### Study material
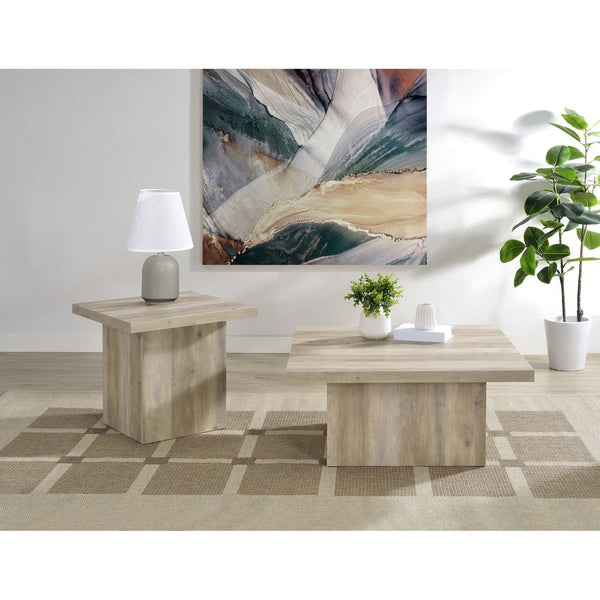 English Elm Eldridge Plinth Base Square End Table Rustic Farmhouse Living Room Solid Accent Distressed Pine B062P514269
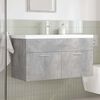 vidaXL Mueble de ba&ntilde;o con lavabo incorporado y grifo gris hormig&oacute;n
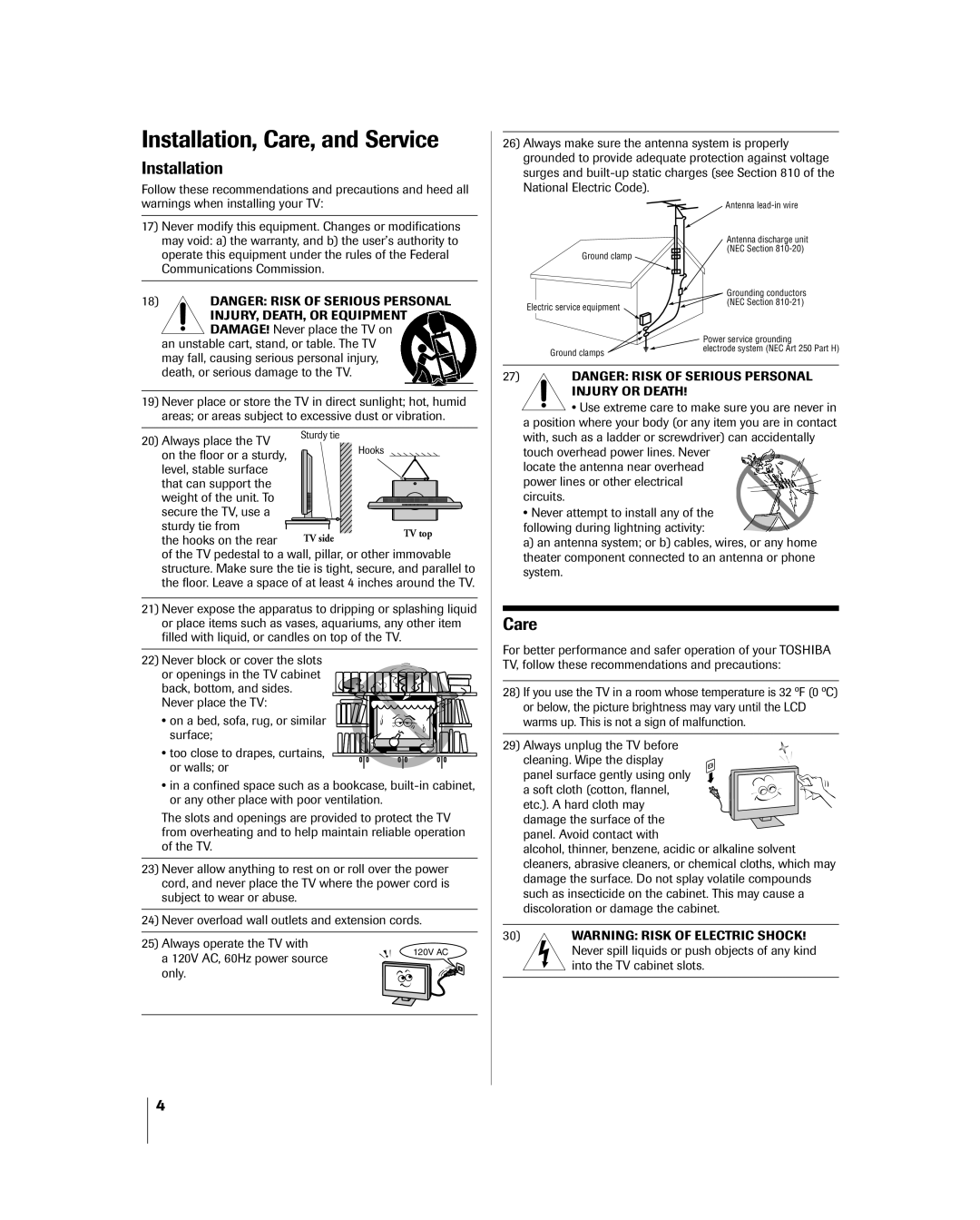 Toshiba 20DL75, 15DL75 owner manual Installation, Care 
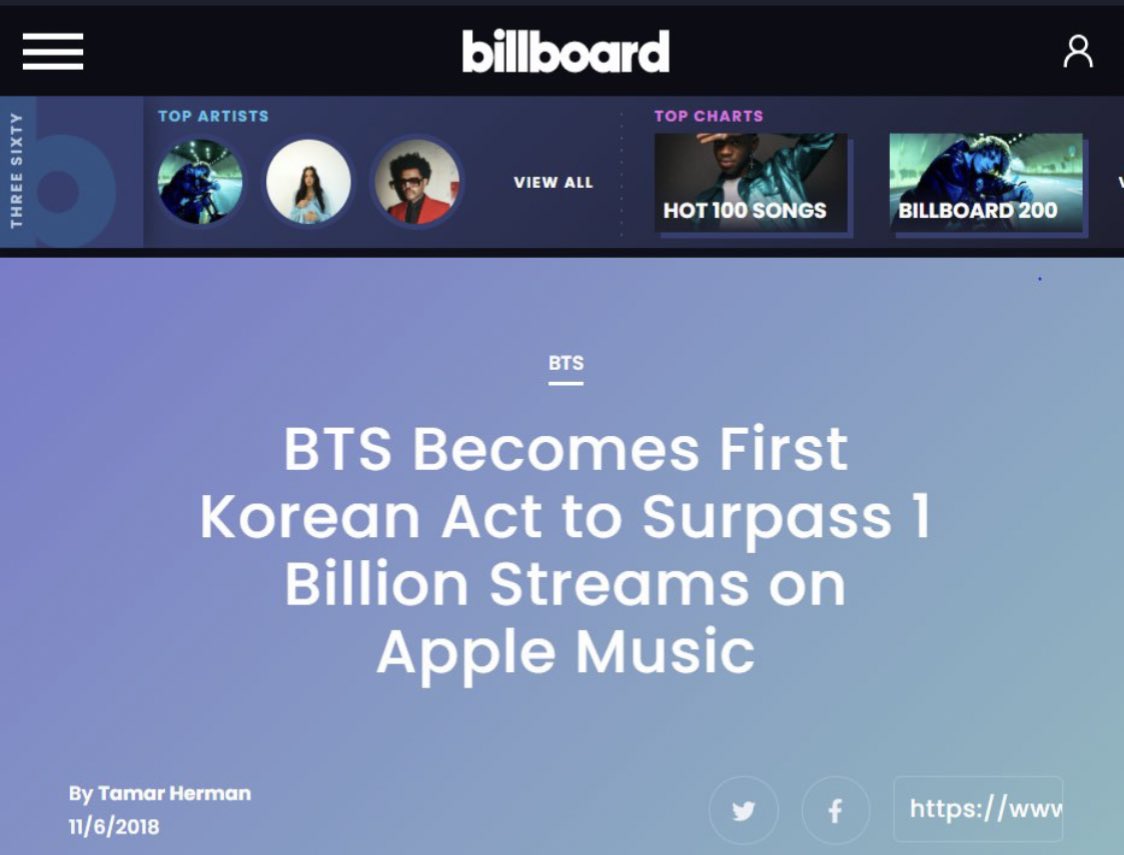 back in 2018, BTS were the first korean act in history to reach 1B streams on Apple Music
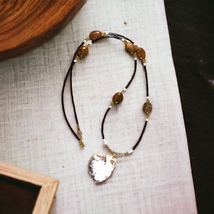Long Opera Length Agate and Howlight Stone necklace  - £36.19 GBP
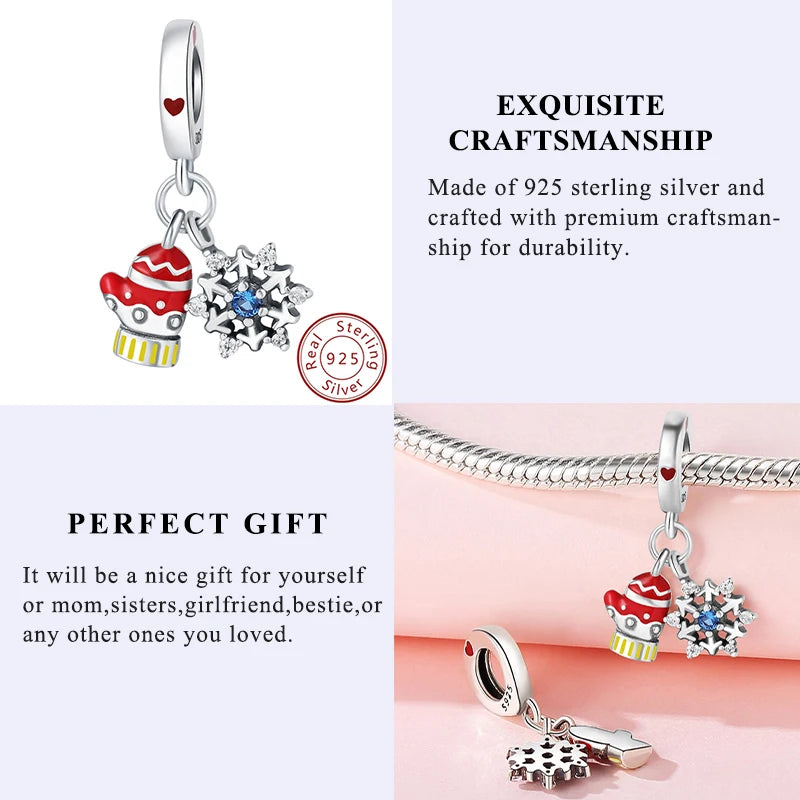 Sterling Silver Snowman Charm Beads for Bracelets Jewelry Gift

* * *

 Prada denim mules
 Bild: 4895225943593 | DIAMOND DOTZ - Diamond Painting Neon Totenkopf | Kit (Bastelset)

### Activity
Transcribe only this stretch of the data: the line with "back in 2018, BTS", the line with "Sterling Silver Snowman", and every line in between. Leave out the pictures.

### Answer area
 back in 2018, BTS were the first korean act in history to reach 1B streams on Apple Music
Long Opera Length Agate and Howlight Stone necklace  - £36.19 GBP
 Sterling Silver Snowman Charm Beads for Bracelets Jewelry Gift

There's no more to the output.